Material to process:
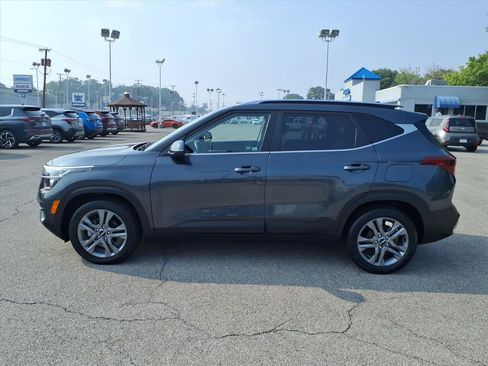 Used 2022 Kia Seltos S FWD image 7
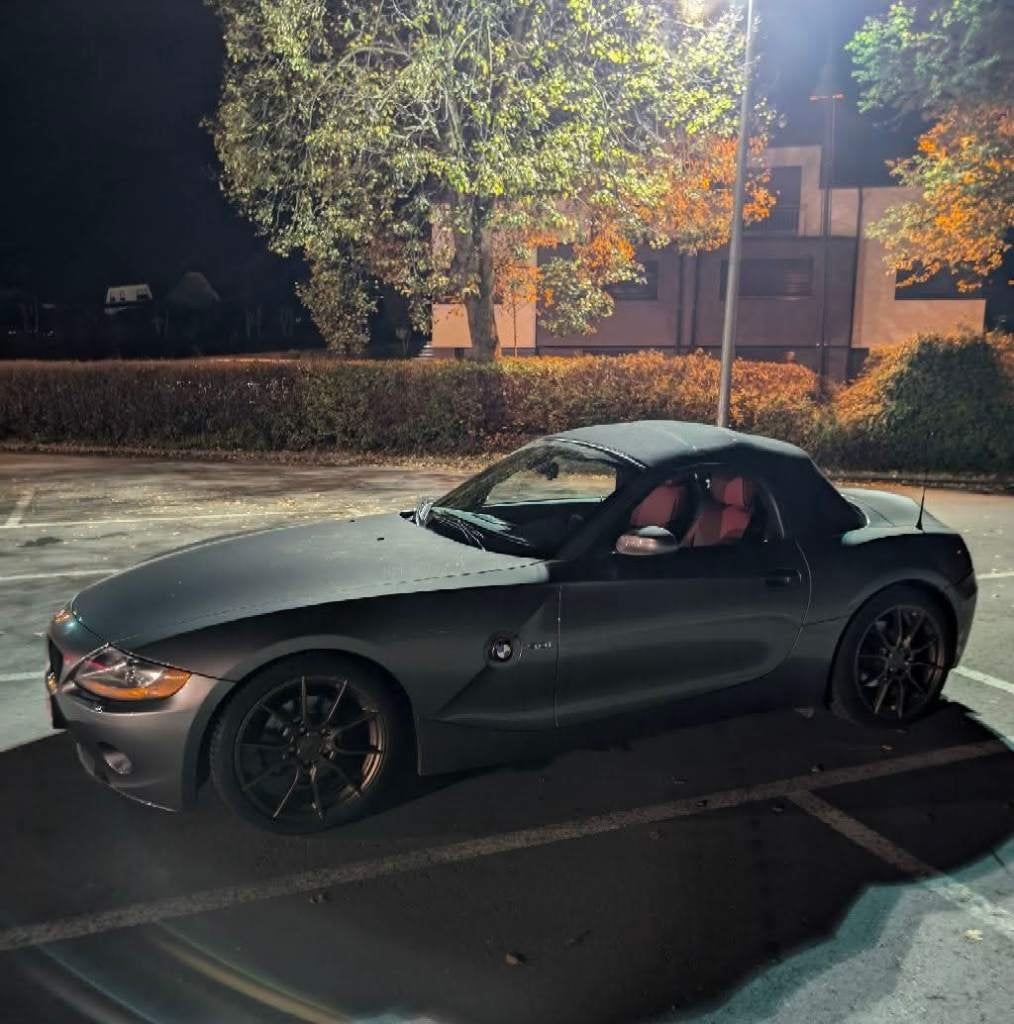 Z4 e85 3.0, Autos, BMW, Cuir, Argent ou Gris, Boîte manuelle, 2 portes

---

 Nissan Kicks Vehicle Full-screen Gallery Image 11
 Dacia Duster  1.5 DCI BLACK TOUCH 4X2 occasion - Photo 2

What the task asks:
Give again the stretch of the entries above that begins at the line with "Used 2022 Kia Seltos S FWD image 7" and ends at the line with "Z4 e85 3.0, Autos, BMW, Cuir, Argent", word for word, with no pictures.

Solution for this exercise:
 Used 2022 Kia Seltos S FWD image 7
 Z4 e85 3.0, Autos, BMW, Cuir, Argent ou Gris, Boîte manuelle, 2 portes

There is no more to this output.